> **TASK GOAL**:
Below are records with pictures. Reproduce exactly the lines from the line with "Chillin' With My" to the line with "Choose Data Recovery from SD Card", inclusive, and leave each picture out.

> **RECORDS PROVIDED**:

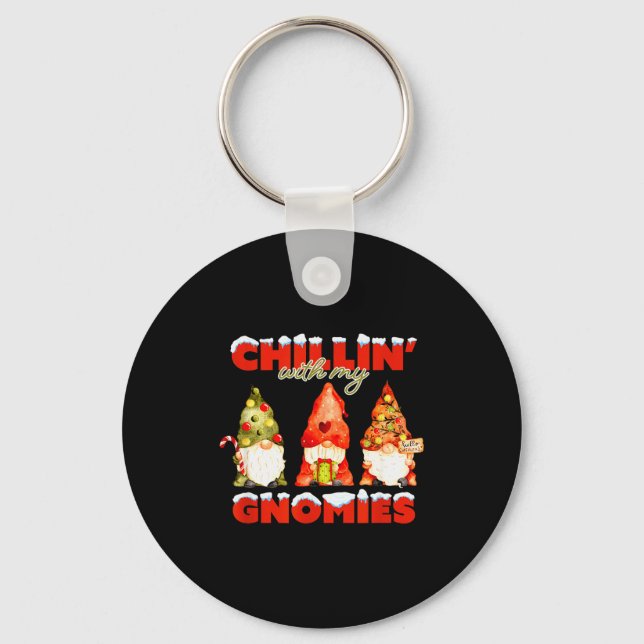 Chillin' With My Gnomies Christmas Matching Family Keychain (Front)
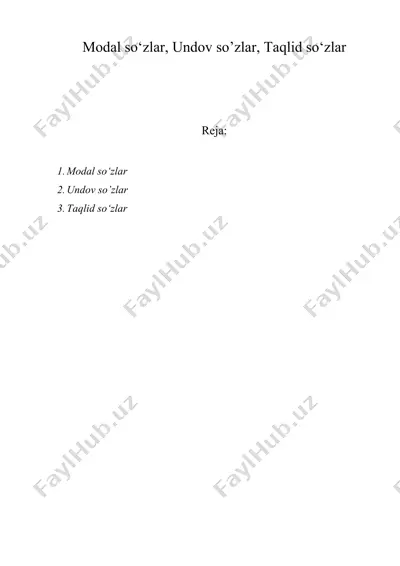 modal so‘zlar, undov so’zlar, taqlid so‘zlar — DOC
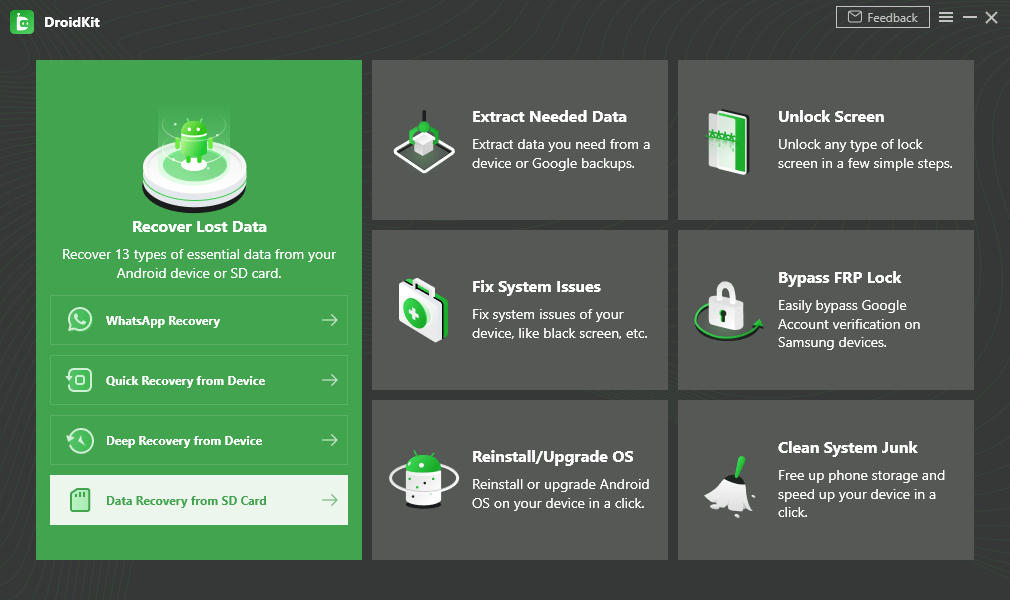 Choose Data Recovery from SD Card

---

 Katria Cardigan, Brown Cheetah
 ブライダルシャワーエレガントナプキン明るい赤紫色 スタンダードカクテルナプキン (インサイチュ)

> **TASK RESULT**:
 Chillin' With My Gnomies Christmas Matching Family Keychain (Front)
 modal so‘zlar, undov so’zlar, taqlid so‘zlar — DOC
 Choose Data Recovery from SD Card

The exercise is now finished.